One of the South Carolina Conference’s many contributions to the Methodist Church’s mission work was Miss Louise Best, who served for some 37 years as an educator in Brazil.
The daughter of Rev. Albert H. Best and Lillie Andrews Best, Louise Best grew up in a Methodist parsonage. She was born while her father was serving at Mars Bluff, and grew up in Clyde, Gourdine, Sumter, Greer, Campobello, Newberry, and McCormick, among other places. She attended Lander College (it was a Methodist college in those days) and Scarritt Bible and Training College in Kansas City. Scarritt was known for its work in training women for the mission field.
Louise Best went to Brazil in the early 1920s, where she was sent, along with Miss Eunice Andrews, to help found a school in the city of Santa Maria, in the southernmost Brazilian state of Rio Grande do Sul. That part of Brazil was fairly remote, and was influenced by the Gaucho culture of Argentina.

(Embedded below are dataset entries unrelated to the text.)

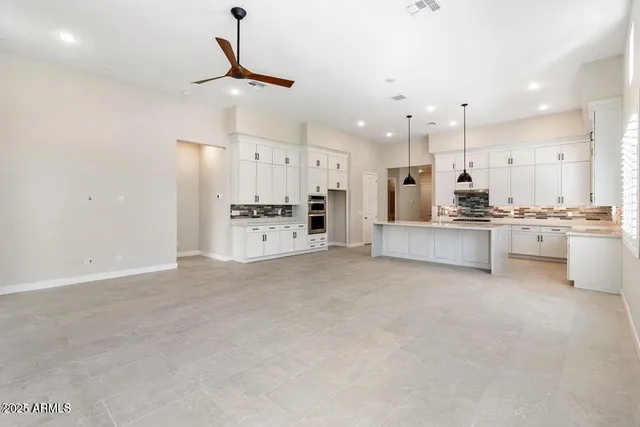 a large kitchen with cabinets and stainless steel appliances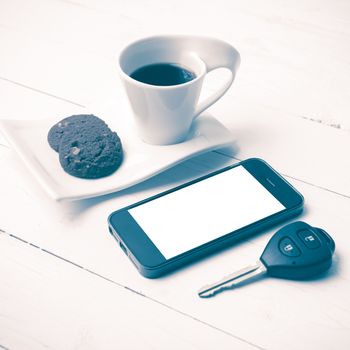 coffee cup with cookie,phone and car key on white wood table vintage style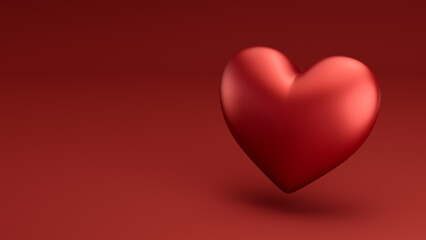 A single, glossy red heart floats against a deep red background with subtle lighting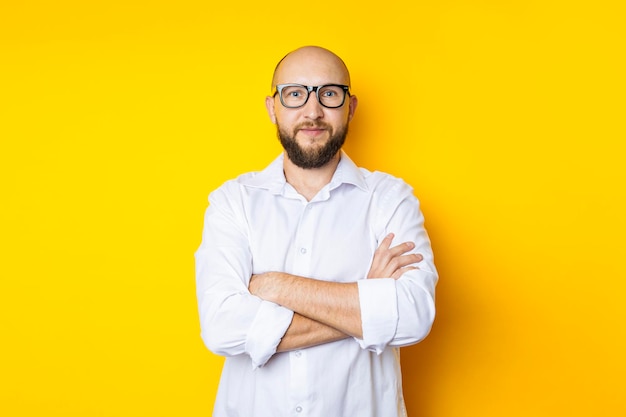 Hombre calvo con barba con gafas en una camisa blanca sobre un fondo amarillo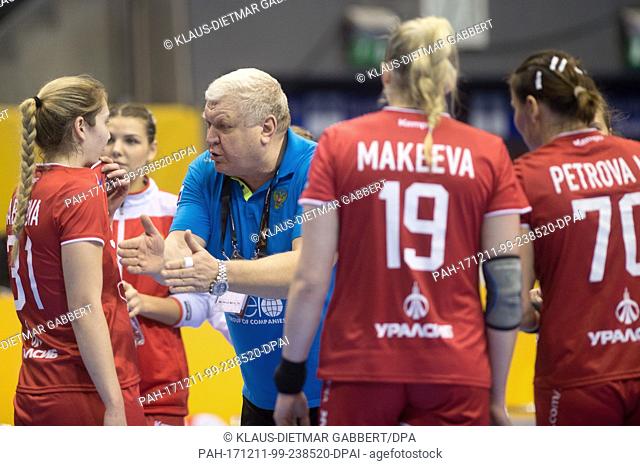 Russia head coach Yevgeni Trefilov giving directions to his players during a time-out during the 2017 World Women's Handball Championship eighth-finals match...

The school, Colegio Centenario, opened with 7 students in March 1922. They chose that name, which in English would be Centenary College, because 1922 was the centennial of Brazilian independence. The school was largely supported by the Women’s Society of Christian Service. It was originally a school for girls, and it started in a cottage. Over the next thirty years, it grew to include four large buildings, and encompassed a primary school, a high school, and junior college classes as well. For much of her time in Brazil, Louise Best was the principal of Colegio Centenario.
Except for her first six months spent near Rio, Louise Best spent the entirety of her 37 years in the mission field in Santa Maria, Brazil. Some of her letters appeared on the Woman’s Society of Christian Service pages in The Advocate. Some of her letters speak of the vastness of Brazil’s countryside – it took 4 days by train to get to conferences in Rio. Other letters speak of construction projects – building the primary school, her hopes for a chapel – and of the support the mission had received from home. In later years, she wrote of the work that the college’s alumnae had undertaken to raise needed funds. As she neared retirement, the city of Santa Maria made her an honorary citizen, which was noted as a nice honor considering how the locals were a little suspicious of this Methodist mission in its early days. By the time she retired and returned to South Carolina, Miss Best noted, the school had as many Catholic as Protestant students.
Following her retirement in 1958, she settled in Spartanburg, where one of her younger brothers lived. She spoke regularly in churches around the conference about her life and mission work. Part of her reason for speaking was no doubt to encourage others to enter the field, for as she told a reporter, “The need for missionaries far exceeds the number making applications and this is tragic.” She was attending a reunion of a handful of missionaries at the home of a minister in North Carolina when she died in July 1966.